This is the most obscure, and also cheapest, souvenir I've ever bought: a Bahnsteigkarte, bought on the last day possible, from the last public transport company in Germany to sell them.
@Dany
Germany in a nutshell. ;)
@_RyekDarkener_ @Dany they were popular with trainspotters here in Britain in the 1980s - although had become hard to get by the 2000s (the station staff often actively refused to sell them especially near London as too many people were using them to get past the barriers and board trains without paying, exiting at stations which did not have the barriers)
@Dany a highschool classmate bought the very last Dutch railway tricket on paper around 04:00, sold it to the national railway museum for a few hundred euro
@Dany paywalling platforms is absurd shite and literally a tax on everyone who needs assistance with heavy luggage...
@kkarhan the platform tickets are no longer a thing. Hamburg was the last city in Germany to have them and discontinued them stating January first. The Netherlands hasn't had them in a long time, although technically you need to be in possession of a valid ticket to be on the platform.

@Dany

Lenin wird folgender Ausspruch zugeschrieben:

„Wenn diese Deutschen einen Bahnhof stürmen wollen, kaufen die sich erst eine Bahnsteigkarte!“[3]
@Dany what does it do though
@CAETFOOD it's a platform ticket and allows you to be on the train platform for an hour for the price of €0,10.
@CAETFOOD @Dany It gives you the right to enter the platform (without boarding a train)
@Dany i have an even obscurer one: in Munich it was possible to buy an "Ungültiges Testticket" (invalid test ticket) for two pfennig and later one cent when pressing an unlabeled button, and you could only pay for it with a "Geldkarte" (money card), a now obscure offline electronic payment system.
@yetzt @Dany that is really kinda funny. To test if the Geldkarte works.
And yes, it is obscure, but still valid and in use. My mom always uses hers to buy public her transportation tickets here in Hamburg. And needs it, since she can’t pay with cash anymore.
@theVedek @Dany ah, i thought GeldKarte was already discontinued. apparently it will be by the end of 2024.
@yetzt @theVedek @Dany Pretty sure it also varies by bank, so my Sparkasse ended it ~3y ago and have been phasing out support when rolling over new cards.

@Dany

Damn! How do I enter platforms in Hamburg from now on????

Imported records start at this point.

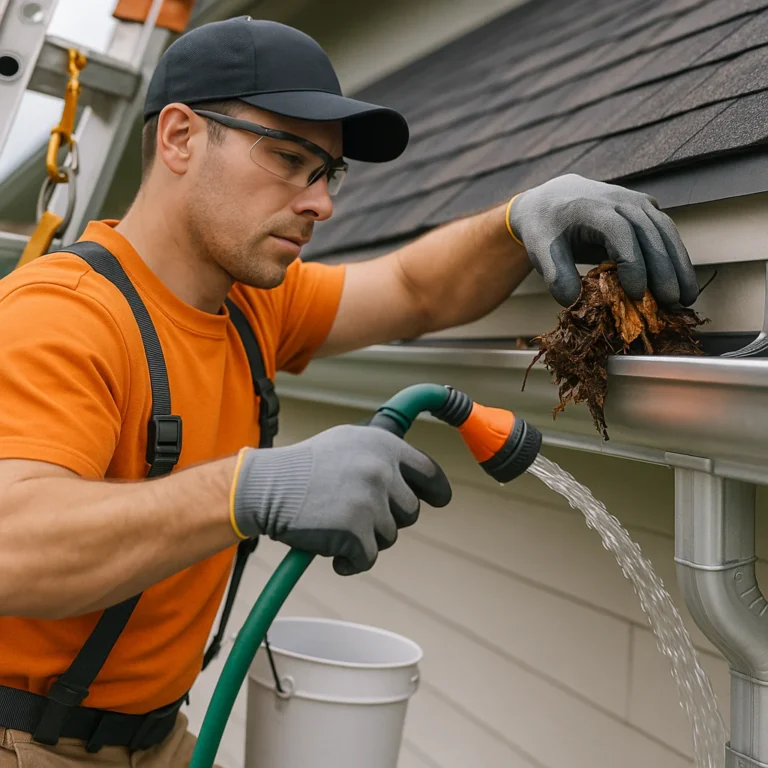 Gutter Unclogging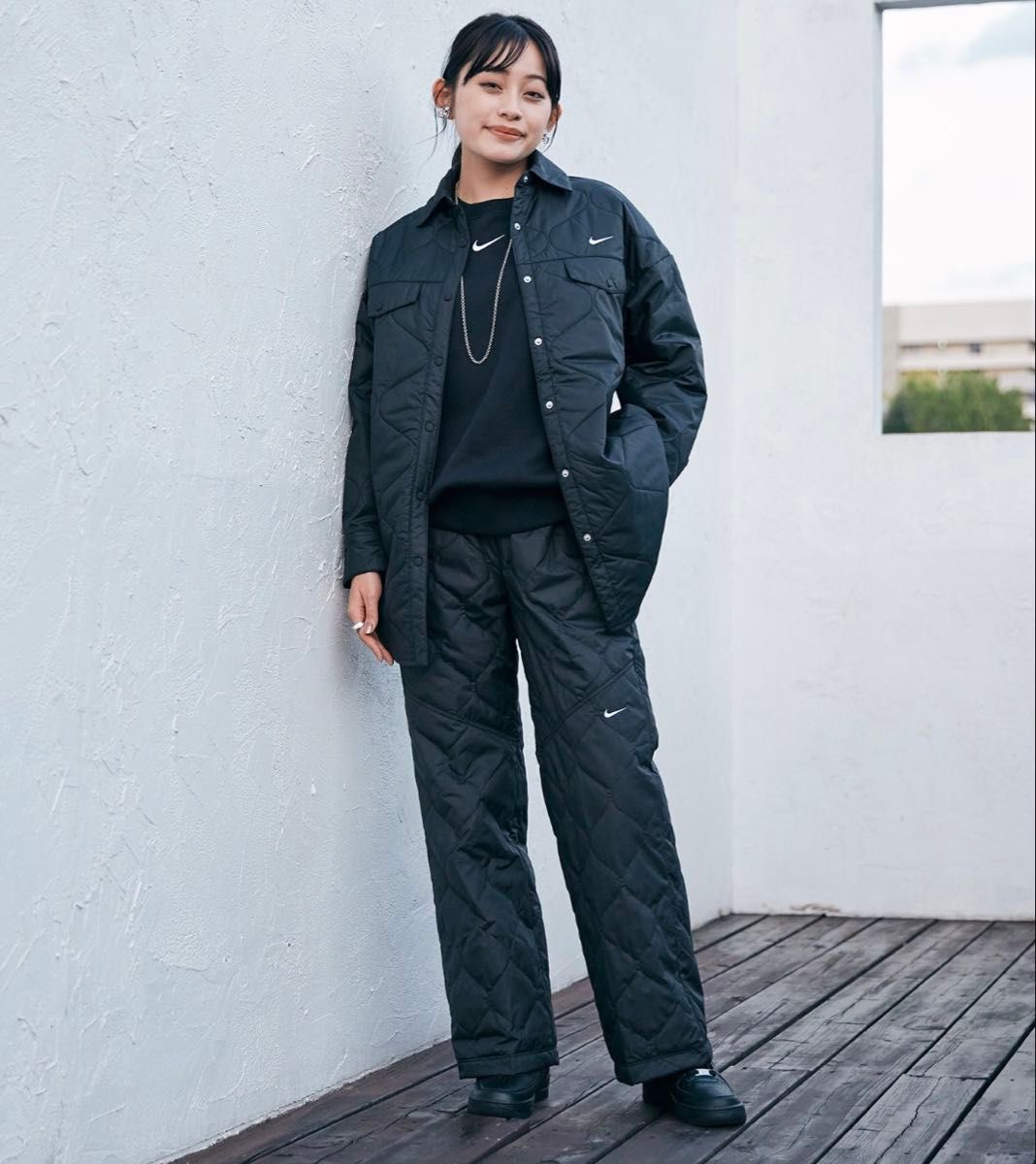 新品 定価20240円 NIKE キルティング ジャケット ブルゾン Mサイズ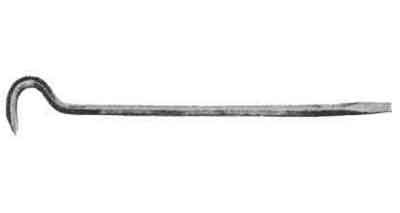 GOOSENECK TYPE BAR 1000mm CHISEL & NAIL PULLER GERMAN, Price for 1, IMPA 612873, ISSA , Weight 5.00Kg HS Code: 82055980 Origin: GERMANY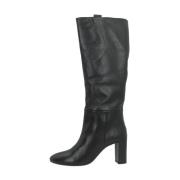 Stijlvolle High Boots Geox , Black , Dames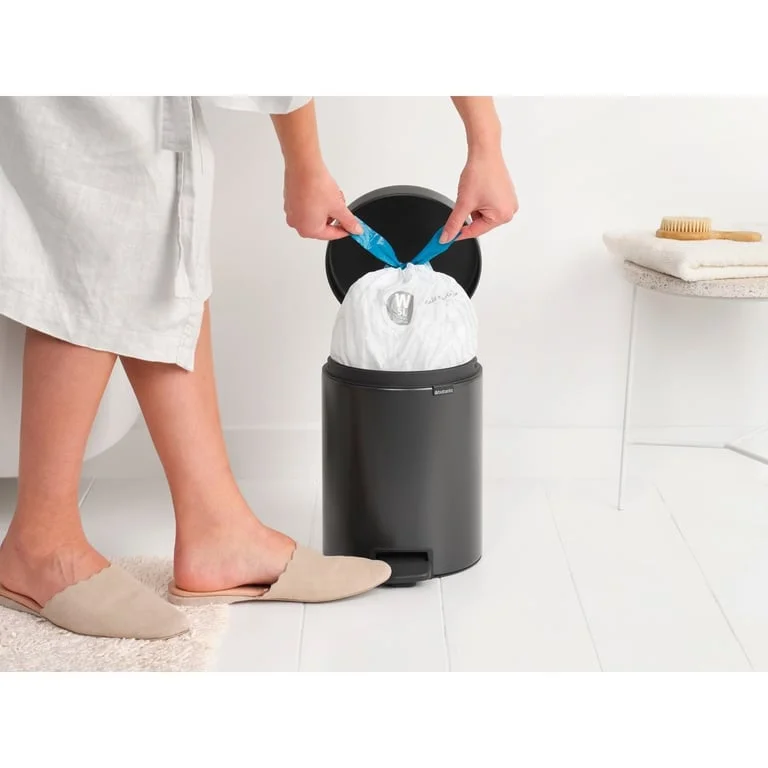 Pedal Waste Bin Brabantia NewIcon 5L, Confident Grey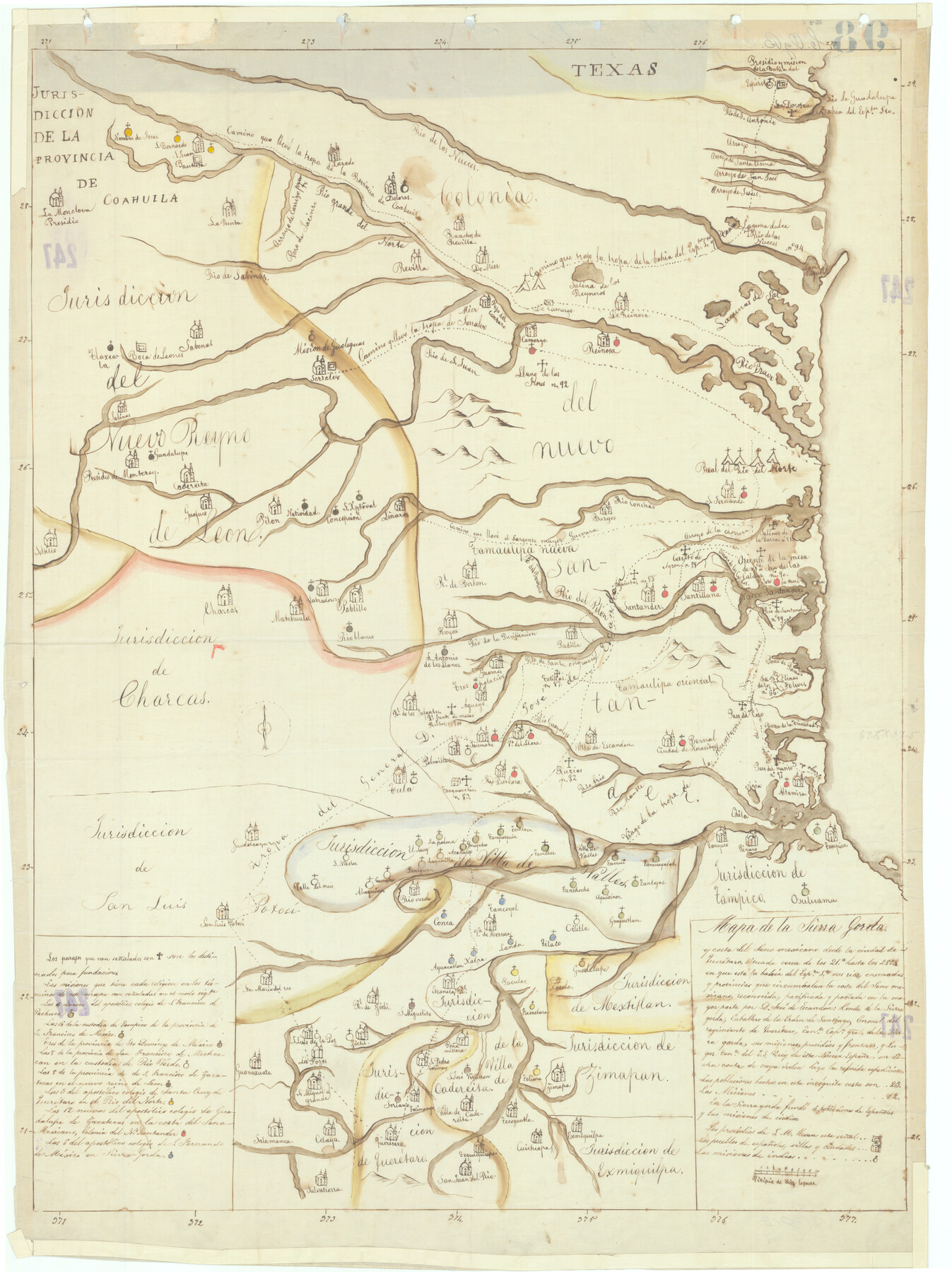 94559, Mapa de la Sierra Gorda, Non-GLO Digital Images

@Dany what? This is a thing in hamburg? O_o
@polygon it was. HVV stopped this practice at the end of 2023, as the last public transport company in Germany.
@Dany but its usual now that you have to pay for a ride to enter subway platforms only to pick up a person. Also the ÖBB here in Austria advises you to keep your ticket until you leave the platform of the railway station. So "Bahnsteigkarten" are still common but in another form.
@Dany I think the existence of platform tickets is due to the HVV's ticket checking methods: Additionally to the random on train checks they use to lock whole platforms by blocking the entrances upstairs built extra narrowly by groups of uniformed staff with dogs. You may only pass through to the hall with a valid ticket, otherwise you get at least fined, if not charged judicially, if not beaten up in their staff closets (special fining system e.g. for punks and other poor).
@Dany i guess it was invented to prevent the homeless hanging around on the platforms.